- Task to complete
Reproduce, character for character, the lines below from the first through the one with "SP_CONFIGURE with the". Leave pictures out.

- Information provided
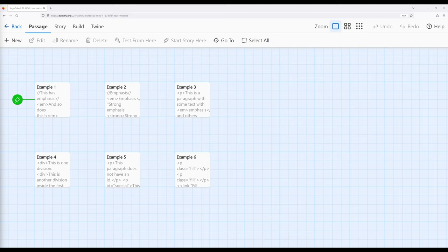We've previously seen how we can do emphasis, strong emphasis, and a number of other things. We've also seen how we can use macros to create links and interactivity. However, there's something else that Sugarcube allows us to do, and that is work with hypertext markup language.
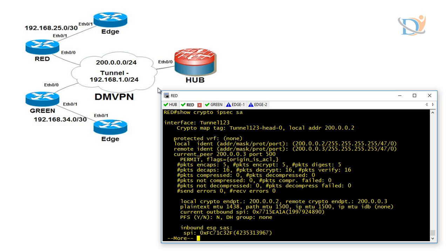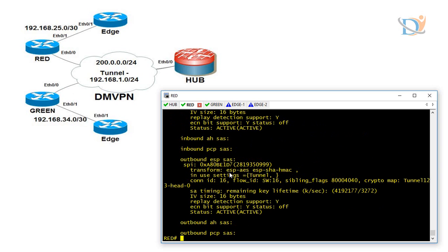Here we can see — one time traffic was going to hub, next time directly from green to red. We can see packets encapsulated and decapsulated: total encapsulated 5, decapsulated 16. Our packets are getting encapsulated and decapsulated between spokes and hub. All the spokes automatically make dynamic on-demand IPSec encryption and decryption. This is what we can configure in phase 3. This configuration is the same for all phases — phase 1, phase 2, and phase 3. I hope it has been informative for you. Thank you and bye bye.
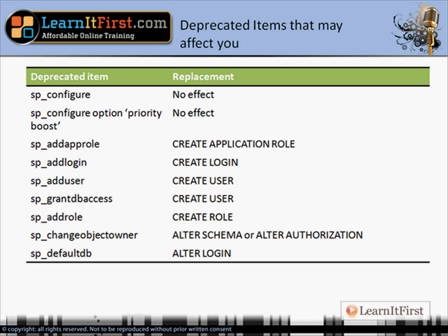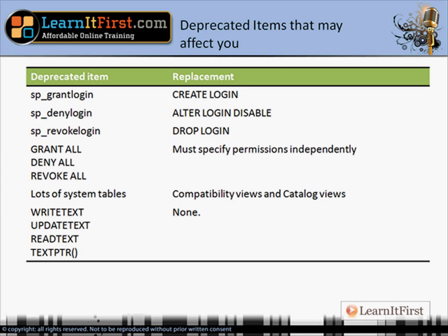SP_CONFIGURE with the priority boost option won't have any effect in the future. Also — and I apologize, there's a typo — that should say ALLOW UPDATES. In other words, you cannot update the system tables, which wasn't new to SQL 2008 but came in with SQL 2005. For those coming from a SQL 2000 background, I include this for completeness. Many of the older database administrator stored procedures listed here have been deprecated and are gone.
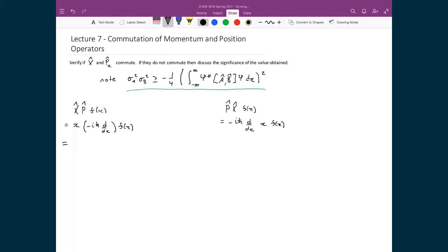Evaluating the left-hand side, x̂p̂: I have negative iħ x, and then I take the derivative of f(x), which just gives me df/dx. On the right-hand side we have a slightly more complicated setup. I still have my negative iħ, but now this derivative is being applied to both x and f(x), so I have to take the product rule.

- Answer area
We've previously seen how we can do emphasis, strong emphasis, and a number of other things. We've also seen how we can use macros to create links and interactivity. However, there's something else that Sugarcube allows us to do, and that is work with hypertext markup language.
Here we can see — one time traffic was going to hub, next time directly from green to red. We can see packets encapsulated and decapsulated: total encapsulated 5, decapsulated 16. Our packets are getting encapsulated and decapsulated between spokes and hub. All the spokes automatically make dynamic on-demand IPSec encryption and decryption. This is what we can configure in phase 3. This configuration is the same for all phases — phase 1, phase 2, and phase 3. I hope it has been informative for you. Thank you and bye bye.
SP_CONFIGURE with the priority boost option won't have any effect in the future. Also — and I apologize, there's a typo — that should say ALLOW UPDATES. In other words, you cannot update the system tables, which wasn't new to SQL 2008 but came in with SQL 2005. For those coming from a SQL 2000 background, I include this for completeness. Many of the older database administrator stored procedures listed here have been deprecated and are gone.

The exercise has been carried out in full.